If you ever need to remove a secret you've accidentally committed, see the advice here. But you shouldn't need to, right?

CI and CD standards#

All source controlled code projects need to have Azure DevOps pipelines for both building and releasing the code. Standards won't get too specific here, as a lot of the actions that occur in a pipeline are quite bespoke and will vary a lot depending on what is being built and where it's being deployed to.

Gated build#

This pipeline builds code from pull requests onto the master branch. Any code that is requested to be merged onto the master branch must trigger a gated build to run, which runs tests and validation on the repository to make sure broken code/invalid config isn't being merged into master.

This build is set up on the master branch's branch policy to run as a build validation step. If the build fails then the code will not be allowed to be merged into master.

It should also check code coverage with services like Codecov and SonarCloud, rejecting the PR if it's not up to scratch.

CI build (continuous integration)#

This pipeline builds code off of new commits to the master branch. Any time there are new commits available in the master branch it should automatically trigger and generate an artifact for the project with everything that will be needed to deploy it.

These artifacts are kept in storage so that we can release new deployments and roll back to old ones at whim.

CD build (continuous deployment)#

When an artifact is ready after the CI build, it needs to be deployed somewhere -- this is what release pipelines are for. Due to the fact that projects are going to vary so much in terms of where they're being deployed to as well as how they should be deployed, it's difficult to write standards for this currently.

In general, the CD build needs to be:

  • easy to roll back in the event of a failure
  • repeatable and idempotent
  • should require SRE approval to release to a production environment with many customers

Configuration standards#

A lot of the software we write will require configuration files. It's important that these configuration files are standardised among all of our projects, so things don't start to get too different.
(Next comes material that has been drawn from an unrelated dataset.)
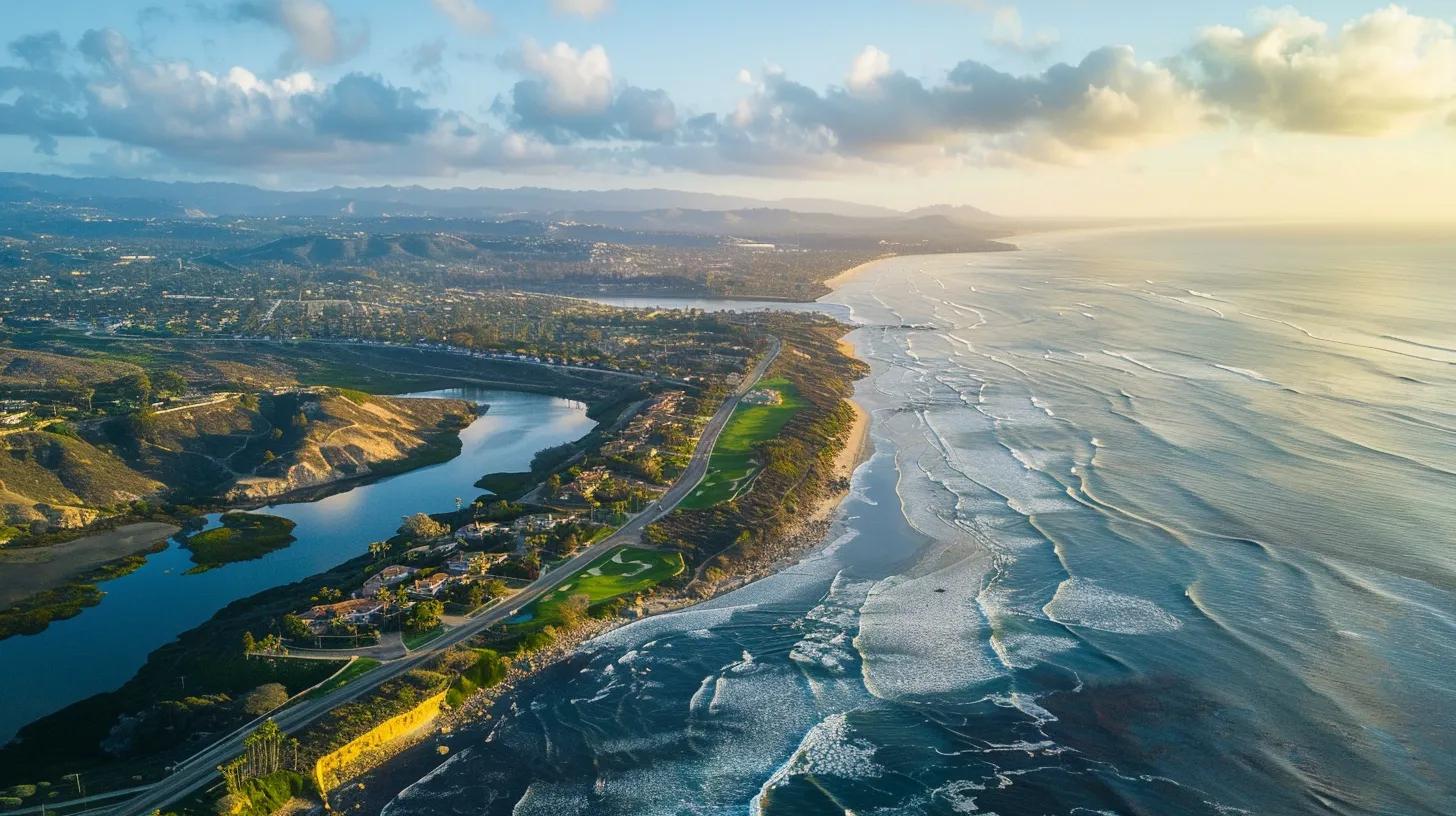 drone view of north san diego county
  • Configuration files should be in YAML wherever possible
  • All configuration values should be well documented
  • Example configuration files must be provided

Code review standards#

We will follow Google's standards for how to do code reviews:

If you need some advice on how to have your code reviewed, again, Google has us covered.

Logging standards#

The general accepted format for a log string is the following:

{UTC-timestamp} [{log-level}] <{file}:{line-number}> {message}

For example:

2019-09-06 10:47:50.099Z [DEBUG] <> Hello world!